Ross Babbage (Chairman of The Kokoda Foundation)
I enjoyed reading the commentary by Weston Konishi and Robert Dujarric and broadly agree with the thrust of their argument. However, in my view this commentary perpetuates some misleading assumptions about the relative merits of the F-22 and F-35 and, in consequence, may encourage some of our Japanese friends to strive for air capabilities that are both ageing rapidly and arguably unsuitable for their needs.
At one point the Konishi-Dujarric commentary asserts that the F-35 is less advanced than the F-22. Let me respond that in all but one respect this is not really the case.

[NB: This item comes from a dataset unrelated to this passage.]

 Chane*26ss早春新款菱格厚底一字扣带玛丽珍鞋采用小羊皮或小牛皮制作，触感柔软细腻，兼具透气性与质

The F-22 will undoubtedly be the world's pre-eminent control-of-the-air fighter for the next two to three decades. It is optimized for air-to-air combat, with its all-aspect stealth, supercruise, extreme agility, and complementary avionics and weapons systems. In this narrow air-to-air role it is superior to the F-35, though not by a wide margin.

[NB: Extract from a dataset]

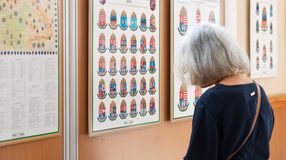 Pécsi L. Dániel jelképművész kiállítás nyílt a Liszt Ferenc Központban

However, the F-22 is so specialized that it is not very good at other important air combat roles. Most importantly, it is clearly inferior to the F-35 in air-to-surface land and maritime strike and as an information/surveillance/ reconnaissance system, both of which would appear to be essential roles for the Japanese.
The F-22 will not be able to carry the 2000-lb class of weapons that are an essential part of the F-35's inventory. The F-22's radar currently has neither a ground mapping facility nor a precision targeting system. The F-35 also has superior electronic defense and other systems. While there are plans to upgrade the F-22 to the F-35's standard, there are serious doubts whether funding to do this will ever be available. Even if such upgrades went ahead, the F-22 will never have the F-35's extensive suite of electro-optical sensors.
The F-35 is also a newer technology aircraft, being almost a generation more current than the F-22. Indeed, many of the advanced systems on the F-35 are being considered for back-fitting onto the F-22.
The F-35 also has some advantages of range and endurance over the F-22 in most modes.
Then, any purchaser needs to understand that not only will the F-35 have a far lower unit cost than the F-22, but that current planning is that some 16 times the number of F-35s will be built, when compared to F-22s. This has huge implications for relative supportability and life-cycle costs.
In short, despite its air-to-air excellence, the F-22 remains a limited war-fighting system. The F-35 is a more modern, more flexible, more easily supported, more affordable and, overall, a more capable air-combat package. While it is, of course, for our Japanese colleagues to decide what they wish to purchase, it would be unfortunate if such judgments were made on false assumptions.